Fue nombrado miembro de la Academia Británica en 1942, caballero en 1964
y recibió el premio Nobel en Economía en 1972. El mismo dijo una
vez que hasta 1945 la economía fue una ciencia predominantemente británica,
y luego de ese año predominantemente estadounidense. Por lo tanto, en
lo que a nosotros respecta, hemos nacido y vivido tratando con economistas norteamericanos,
altaneros y desdeñosos de países como los nuestros. Hicks fue
exactamente lo opuesto, el más accesible de los hombres (“the most
approachable of men”), como dijo de él Christopher Bliss. No tuvo
reparo en leer y contestar las cartas de economistas argentinos y leer sus trabajos.

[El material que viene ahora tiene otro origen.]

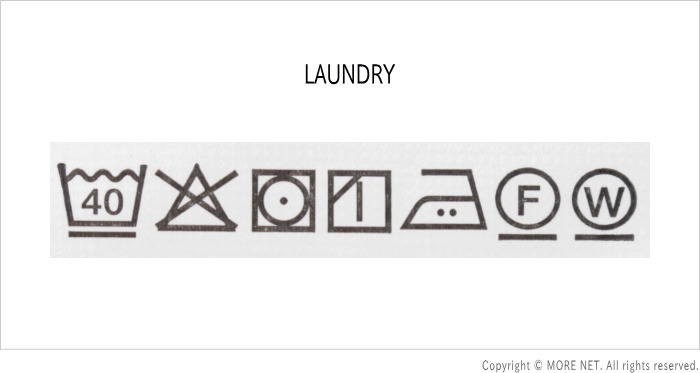 グラミチ GRAMICCI ウールライクスラックスパンツ GMP5-FJP002 メンズ レディース クライミング 2025秋冬 | GRAMICCI | 13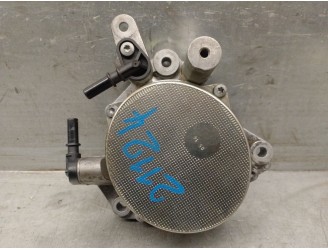 Recambio de depresor freno / bomba vacio para citroën c5 iii (rd_) 2.0 hdi 165 referencia OEM IAM 9673836180 456580 7021390500 P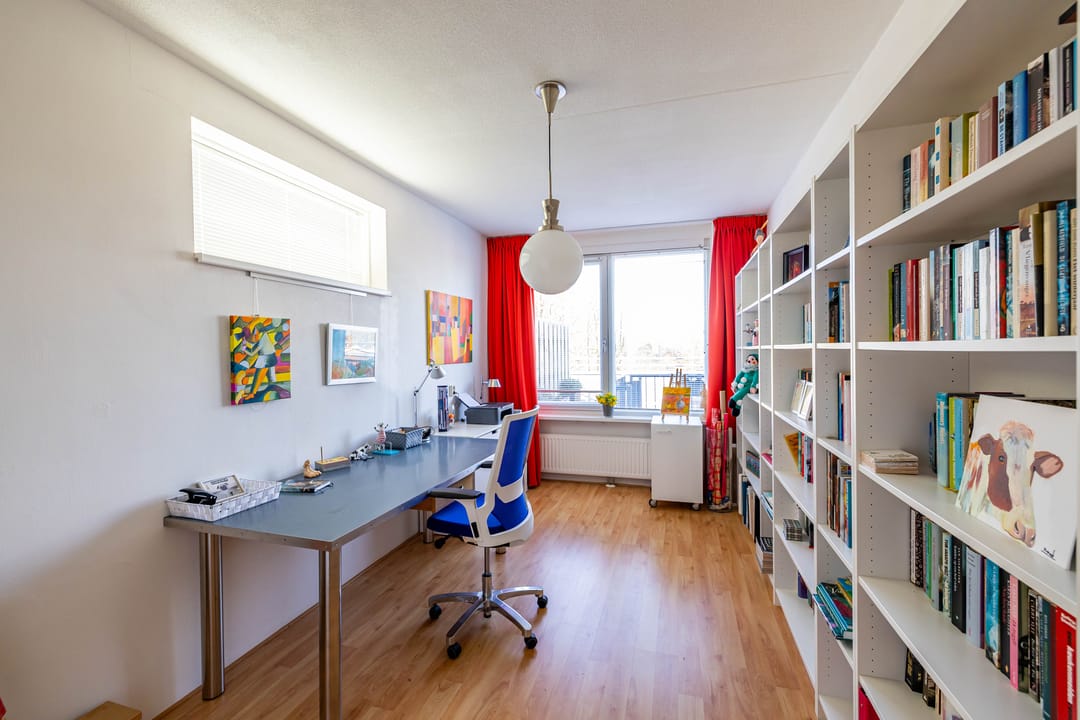 Foto 23 van Rijksstraatweg 197-D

Tampoco dudó cuando fue invitado a conocer este país, a comienzos
de la década del sesenta. Vino en compañía de su esposa
Ursula y dio una conferencia en la Universidad de Buenos Aires. “Hicks
fue producto de una generación que fue la última en producir con
abundancia economistas para todo uso, economistas capaces de enfocar su mirada
sobre casi todo problema teórico. Sus luces más destacadas, entre
las que Hicks ciertamente debe contarse, dejaron sus marcas en la mayoría
de las ramas y cuestiones nuevas al mismo tiempo que ellas atraían sus
propia atención y la de sus contemporáneos” (Bliss).